### How to complete this task
Repeat the lines from the one containing "Groenten Veilig eten" through the last line of the data, exactly, pictures omitted.

*** Data extracts ***

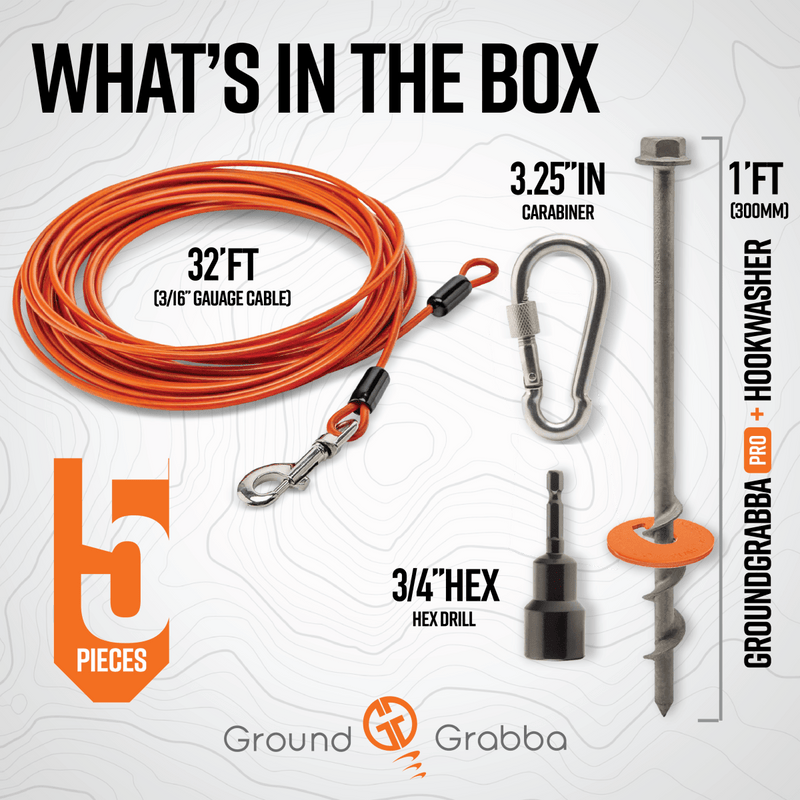 Load image into Gallery viewer, Grounded Paws Dog Tie Down Kit - Trail and Timber Co
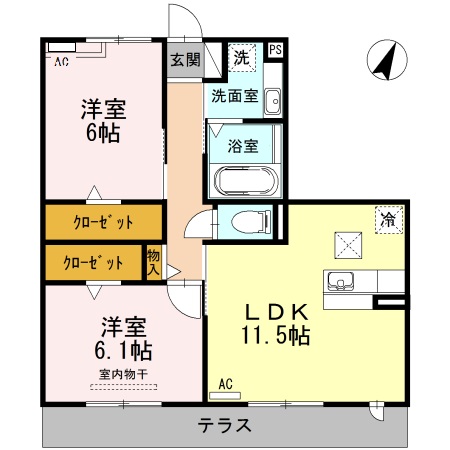 ノーブル西幸の間取り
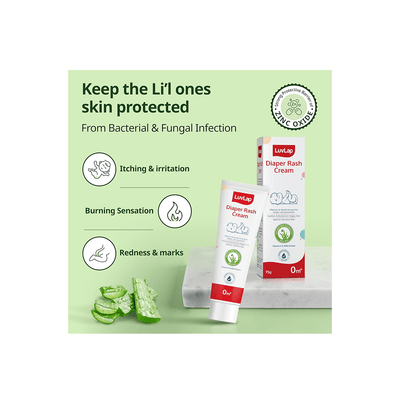 LuvLap Baby Care LuvLap Baby Diaper Rash Cream, 75g Natural Cream with goodness of Aloe Vera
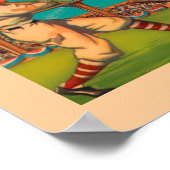 Groenten Veilig eten Vintage en Poster (Hoek)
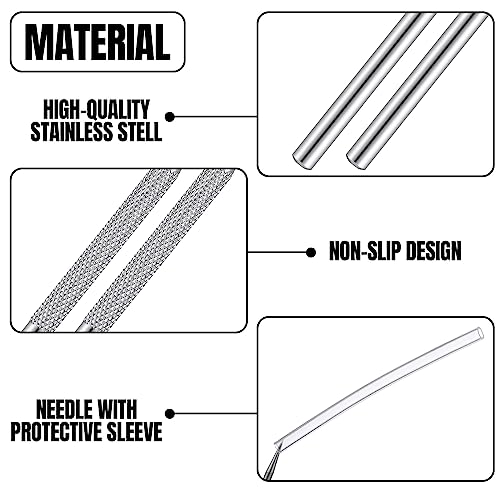 Lasnten 20 Pcs Clay Needle Tool Set Pottery Needle Tool Stainless Steel Ceramic Detail Tools Clay Sculpting Tools for Ceramics Sculpting DIY Craft and Detailed Carving Supplies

***

### Worked solution
 Groenten Veilig eten Vintage en Poster (Hoek)
 Lasnten 20 Pcs Clay Needle Tool Set Pottery Needle Tool Stainless Steel Ceramic Detail Tools Clay Sculpting Tools for Ceramics Sculpting DIY Craft and Detailed Carving Supplies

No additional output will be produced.